Oil prices sank to the lowest level in seven years on Monday, hammering stocks and raising concern across the globe as markets brace for a US interest rate hike later in the week.
Brent crude – the international standard – fell as low as $36.62 (33.32 euros) a barrel at one point, the lowest it’s been since December 2008. The US standard West Texas Intermediate (WTI) fell below $35 on Monday, the first time that’s happened since February 2009.
Prices have tumbled sharply since mid-2013, when oil was trading closer to $120 per barrel.
Markets in Frankfurt, London and Paris all slid on Monday along with the oil prices, with investors deserting several traditional energy companies, also in the wake of the global climate accord struck at the weekend in Paris. Shell, BP, Total, Eni, Repsol and OMV prices all slid, some by more than 4 percent, as did indices in key oil-producing countries like Russia and Saudi Arabia.

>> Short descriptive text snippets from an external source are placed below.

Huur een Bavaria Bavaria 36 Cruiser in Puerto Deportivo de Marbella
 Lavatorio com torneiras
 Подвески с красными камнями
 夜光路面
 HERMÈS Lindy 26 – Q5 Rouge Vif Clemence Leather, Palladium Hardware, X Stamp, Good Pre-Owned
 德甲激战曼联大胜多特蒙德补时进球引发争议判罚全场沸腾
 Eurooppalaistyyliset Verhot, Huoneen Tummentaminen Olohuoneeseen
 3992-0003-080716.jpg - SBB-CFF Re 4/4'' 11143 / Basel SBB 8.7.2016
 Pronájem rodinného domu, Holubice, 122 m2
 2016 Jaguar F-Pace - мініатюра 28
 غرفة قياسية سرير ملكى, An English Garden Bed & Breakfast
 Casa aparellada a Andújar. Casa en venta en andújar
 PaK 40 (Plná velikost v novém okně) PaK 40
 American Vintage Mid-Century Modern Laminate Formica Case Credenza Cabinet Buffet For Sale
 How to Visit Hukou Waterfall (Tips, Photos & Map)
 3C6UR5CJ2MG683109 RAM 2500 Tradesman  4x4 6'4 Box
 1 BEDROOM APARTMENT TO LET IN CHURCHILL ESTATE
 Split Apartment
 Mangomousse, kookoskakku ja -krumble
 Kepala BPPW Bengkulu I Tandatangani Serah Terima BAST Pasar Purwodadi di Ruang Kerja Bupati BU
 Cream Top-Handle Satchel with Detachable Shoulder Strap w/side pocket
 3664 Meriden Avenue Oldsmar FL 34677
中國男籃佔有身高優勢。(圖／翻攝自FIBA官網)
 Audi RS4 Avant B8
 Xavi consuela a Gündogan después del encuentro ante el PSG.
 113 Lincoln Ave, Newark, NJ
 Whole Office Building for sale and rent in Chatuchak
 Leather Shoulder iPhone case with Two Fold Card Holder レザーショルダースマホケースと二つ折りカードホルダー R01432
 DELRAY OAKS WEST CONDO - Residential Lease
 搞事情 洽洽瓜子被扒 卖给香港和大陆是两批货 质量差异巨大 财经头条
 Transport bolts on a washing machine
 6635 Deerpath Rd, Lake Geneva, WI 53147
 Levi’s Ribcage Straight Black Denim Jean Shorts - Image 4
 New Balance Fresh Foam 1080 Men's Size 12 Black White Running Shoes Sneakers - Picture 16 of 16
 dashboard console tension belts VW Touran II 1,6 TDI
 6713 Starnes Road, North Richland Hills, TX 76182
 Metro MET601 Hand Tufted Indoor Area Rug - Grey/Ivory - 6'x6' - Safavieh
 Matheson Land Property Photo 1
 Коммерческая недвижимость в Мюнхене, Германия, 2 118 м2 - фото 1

In the US, Chevron, Consol Energy and NRG Energy all took hits in early trading.
The oil-price drop was compounded by investors’ existing jitters regarding a probable interest rate rise from the US Federal Reserve – after nearly a decade of rock-bottom rates – this Wednesday.
The Organization of the Petroleum Exporting Countries (OPEC) decided on December 4 not to cut its output – seeking, among other things, to hinder US shale “fracking” firms from gaining a bigger foothold in the market. OPEC member Iran will also increase production in the near future as sanctions are lifted following the US and EU-brokered nuclear deal earlier this year.